If I had a dollar for every adviser who has expressed an interest in buying another advisers business I’d be retired now. It seems to be the primary strategy for attaining scale and a viable business of one’s own, and there has been even greater interest since regulatory reform began in earnest. Buying another advisers practice is usually a much more complex matter today than 5 years ago though.
Many advisers however don’t approach the idea in a commercial fashion though. They often look at it as just picking up a few assets, or renewal income streams, to add to their existing book of business. So it is approached as a straightforward purchase of a contractual income stream only, and more often than not the entire deal is done on a rule of thumb (renewals multiple) valuation, supported by a handshake. That works well enough if you are just buying a relatively small portfolio of business and swinging it into your existing brand and business structure, however many of those opportunities are disappearing as more financial advice practices become increasingly sophisticated and complex commercial structures.
It is becoming less common for a purchase of the income stream only, and far more common for an agency purchase to be a complete business sale which includes all the systems, people, intellectual property, assets…and potential residual liabilities. Lenders – whether it is bankers or industry institutions – are far more discerning than ever before in providing the necessary funding.

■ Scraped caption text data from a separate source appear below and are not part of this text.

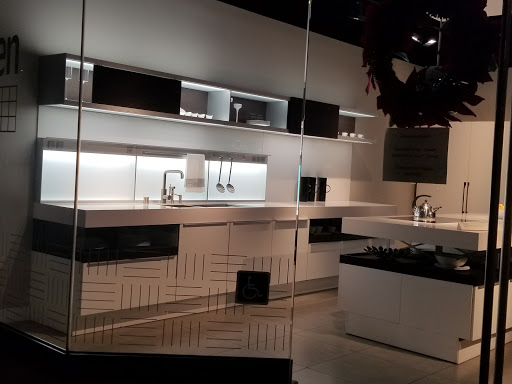 Porcelanosa West Hollywood - Tiles, Kitchen and Bathroom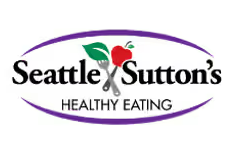 Seattle Sutton of Northbrook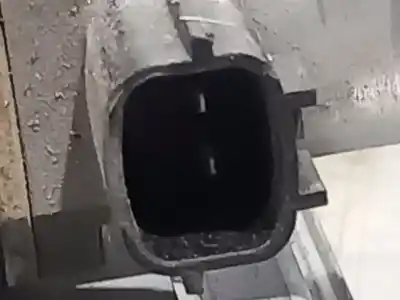 Автозапчастина б/у регулятор переднього правого скла для renault clio iii extreme 106 cv / 78 kw посилання на oem iam 807205569r  n1.z2.17.1.1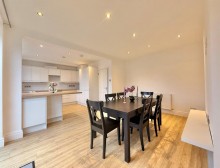 Images for Elmsmere Road, Manchester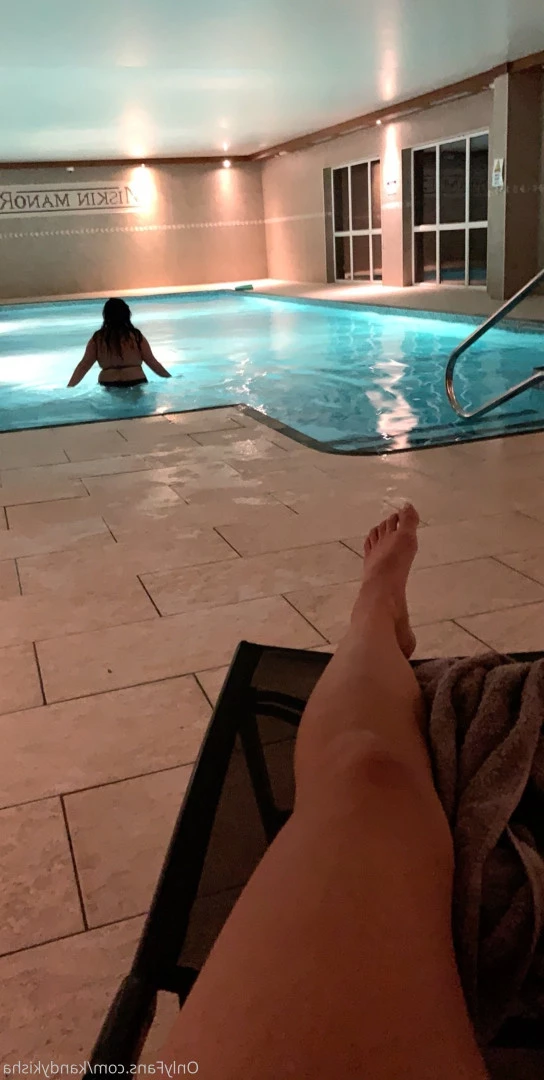 xKandyKishax [ kandykisha ] Onlyfans leaked photo 10187792 on Hotleaks.tv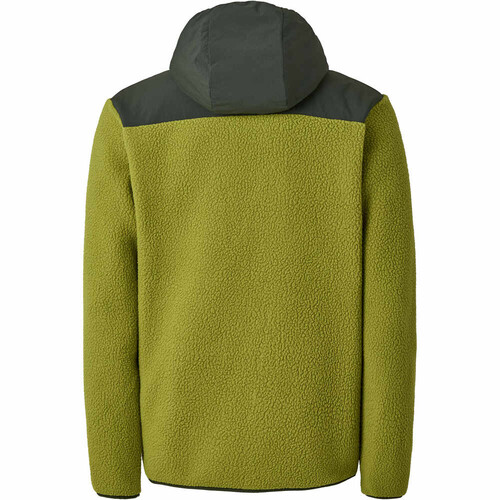 TERNUA TRITON verde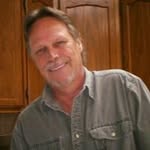 Jim Gear - @jimbogear57 - Instagram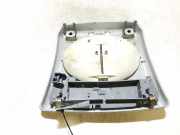 Innenraumleuchte Fiat Marea, I 1996.01 - 2002.12 Gebraucht,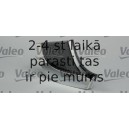 Valeo 043296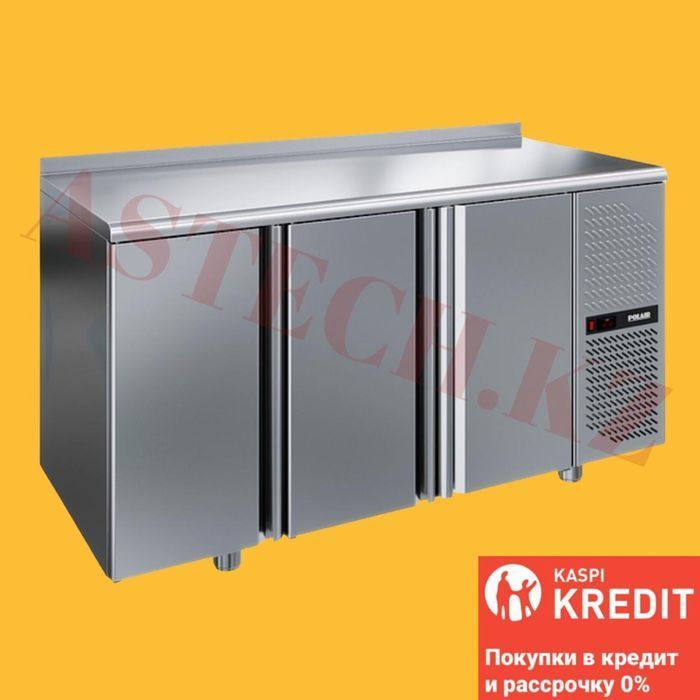 новый Комплект пицца печи Астана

To give yourself the best chance of getting the funding and then successfully acquiring and integrating a purchase, you need to do at least the following before you are ready to buy another practice:
1. There must be a bigger plan. The “plan” is not just the agency purchase. There must be a strategic purpose which makes sense commercially.
2. Due Diligence. You must have realistically assessed the book, and the business, to determine what the real quality is, together with the financial performance of the business and any governance, management or contractual issues that might be lingering. Most importantly, you have to assess the quality of previously provided advice and understand what your exposure as the new owner may be.
3. A realistic skills assessment. Every adviser is a great business manager, right? Right? A realistic assessment of what skills and knowledge will be required to make this work, and what the plan is to address any skills or knowledge shortcomings needs to be done. “Pollyanna” thinking just doesn’t cut it anymore.
4. How are you going to integrate? Getting all the client data together so you have efficient communications; having a communication plan; ensuring all suppliers/institutions are onboard; working out what will happen with staffing, branding, systems….there is a lot to think through if a takeover is going to be successful. This is where The Plan does need to get quite detailed.
5. The structure of the deal. Rarely is it actually as simple as “I will hand over $x on a particular day” anymore. Allowing for successful integration and retention of clients and expecting both sides to accept some of the responsibility and risk in making that happen should be factored in. So too should specific responsibilities for prior advice and potential liabilities.
In addition, financiers will be interested in:
- whether professional (external) valuations have been sought
- financial modelling which is realistic having been done
- the degree of vendor flexibility and involvement in the transfer
Most purchases these days involve some serious money, and some serious risk. For the smart professional growing a great practice acquisition remains a good strategy – provided it is done thoughtfully and makes strategic sense.